He’s averaging 6.1 points and 8.0 rebounds in just 17.0 minutes per game, shooting a career-best 63.5 percent along the way.
Despite the limited minutes, Davis has two double-doubles this season.
And what he’s done to help Allen improve has been solid as well. Allen’s numbers are up markedly this season from 8.2 to 12.4 points, 5.4 to 8.4 rebounds and 1.2 to 1.6 blocks per game.
Some of that can be attributed to an increase in minutes (from 20.0 to 27.4 a night), but a lot is also the improvements Allen has made.
Coach Kenny Atkinson didn’t hold back in his praise for Davis’ off-the-court contributions.
"“He’s coaching when you’re not coaching. Great influence on our young guys. I’ve seen Ed take (Allen) aside after practice, before practice, talking post defense.“These [vets], they have the nuances. They understand the game. He’s been a great influence not only on Jarrett Allen but our whole group.”"
Davis said his role with Allen wasn’t explicit when he agreed to come to Brooklyn, but rather just an understanding of what he was walking into.
"“When I signed here, (general manager Sean Marks) didn’t say, ‘We want you to mentor Jarrett Allen.’“But I’m an intelligent guy and I think Sean knew that by doing his diligence and his homework and whatnot. I wasn’t going to come in here like, ‘Oh, [crap], I’m trying to start, I’m trying to take his minutes.'”"
Davis does the dirty work and those lessons aren’t lost on Allen. The veteran is in the top 10 in the NBA in screen assists per 36 minutes and leads the league in box outs per 36.

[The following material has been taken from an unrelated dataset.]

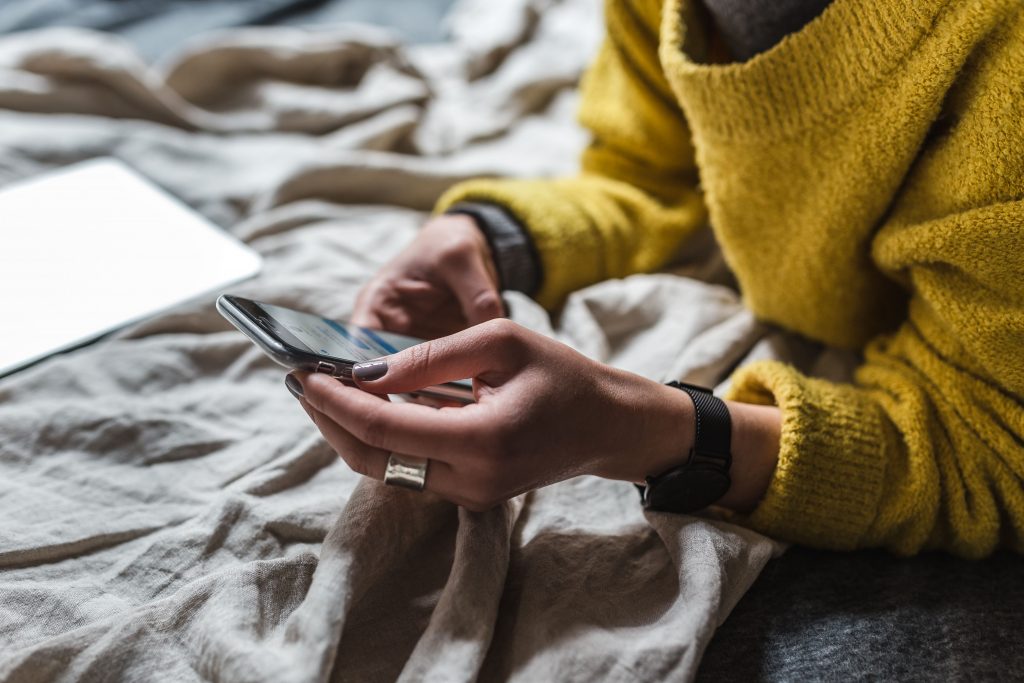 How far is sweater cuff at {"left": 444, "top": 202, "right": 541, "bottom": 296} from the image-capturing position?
708mm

Jefferson remembers good old days, even if he didn’t want to be here
Richard Jefferson‘s name appears all over the Brooklyn Nets franchise leaderboard after the seven seasons he spent with the club in New Jersey.
In a Q&A with Michael Scotto of The Athletic (subscription required), Jefferson recalled his trepidation at coming to New Jersey after being taken 13th overall by the Houston Rockets in the 2001 NBA Draft.
The Nets were coming off a 26-win season, but would soon add Jason Kidd to the mix. With Kidd, Jefferson reached back-to-back NBA Finals in his first two seasons and later formed a small but effective Big 3 in conjunction with Kidd and Vince Carter.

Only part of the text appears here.